多くの法人向けサービスでは、受信者がアカウント登録不要でファイルをダウンロードできる「ゲストアクセス」機能を提供しています。取引先の負担を最小限に抑えながら、セキュアなファイル共有が可能です。
Q7. ランサムウェア対策としても有効ですか?
ウイルスチェック機能により、マルウェアに感染したファイルが社内ネットワークに持ち込まれるのを防ぎます。ファイルの保存期間を設定し、一定期間経過後に自動削除する機能も有効です。
Q8. PPAP対策として使えますか?
ファイル転送サービスは、PPAP(パスワード付きZIPファイルをメールで送る方式)の代替手段として最適です。通信経路とサーバー上のファイルの両方を暗号化し、操作ログも記録できます。
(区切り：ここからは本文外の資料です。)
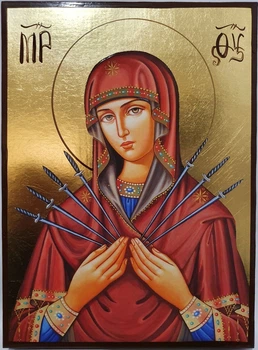 Ікона Семистрільна 190х140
関連記事: PPAP対策が進む理由とは?リスクを避けるために今すぐ取り入れるべき代替策
Q9. 導入時に社内でよく起きる失敗は?
利用目的が明確でないまま導入してしまうケースや、取引先の利用環境を考慮せずにサービスを選定してしまうケースがあります。また、現場への周知が不十分で、導入後も従来のメール添付や無料サービスが使い続けられてしまうケースも少なくありません。導入前に、自社の状況や目的を事前に整理し、利用ルールの策定と周知徹底を行うことが重要です。
法人向けファイル転送にGigaCCが選ばれる理由
ここでは、法人向けファイル転送サービスとして多くの企業に選ばれているGigaCCの特長について解説します。
大容量ファイルを安全に送受信できる仕組み
GigaCCは、1ファイル100GBの大容量ファイルに対応しており、通信経路とサーバー上のファイルの両方を暗号化し、不正アクセスやデータ漏えいのリスクを最小限に抑えます。製造業の設計データや広告業界の動画素材など、大容量ファイルを日常的に扱う企業でも、ストレスなくファイルのやり取りが可能です。
アクセス制御・期限・操作ログによる統制
送信者側のセキュリティとして、IPアドレス制限や二要素認証によるログイン制御、送信時の上長承認、送信先アドレスの制限(ドメインのブラックリスト・ホワイトリスト・アドレス帳による宛先制限)など、多層的なアクセス制御機能を備えています。また、ダウンロード回数制限や有効期限の設定により、受取後の意図しないファイル拡散を防止します。詳細な操作ログが自動的に記録され、受取時のIPアドレス取得も可能なため、正しい相手先での受取が行われたかの確証を得ることができます。送信後のURL無効化機能も提供されています。
社外、取引先とのやり取りを現場で回せる使いやすさ
シンプルで直感的なインターフェースを提供しており、受信者はアカウント登録不要でファイルをダウンロードできます。スマートフォンやタブレットからもアクセス可能で、モバイル環境では専用アプリを利用することで、ファイル共有機能によるファイルの受け渡しが可能です。
法人に求められるガバナンスへの対応
GigaCCは、200項目以上の検索項目で詳細なログ検索が可能で、有事の際に該当ファイルの特定がスピーディーに行えます。また、オプション機能を利用することで、送信・共有されたファイルを別領域に全件バックアップすることも可能で、監査法人など第三者への履歴ログ提出もCSV形式で対応できます。
サービス提供事業者である日本ワムネットはISMS(ISO/IEC 27001)、プライバシーマークを取得し、GigaCCサービス自体もISMSクラウドセキュリティ認証を取得しています。金融機関や官公庁など、厳格なセキュリティ要件が求められる組織での導入実績も豊富で、法人が安心して利用できる信頼性を備えています。
まとめ
ファイル転送サービスは、法人のビジネスにおいて不可欠なツールとなっています。サービスを選定する際には、セキュリティ機能、管理・統制機能、運用負荷、コストなど、多角的な視点から総合的に判断することが重要です。自社の業務内容や企業規模、部署ごとのニーズを事前に整理し、最適なサービスを選定することで、導入後のスムーズな運用と、ビジネスの効率化を実現できます。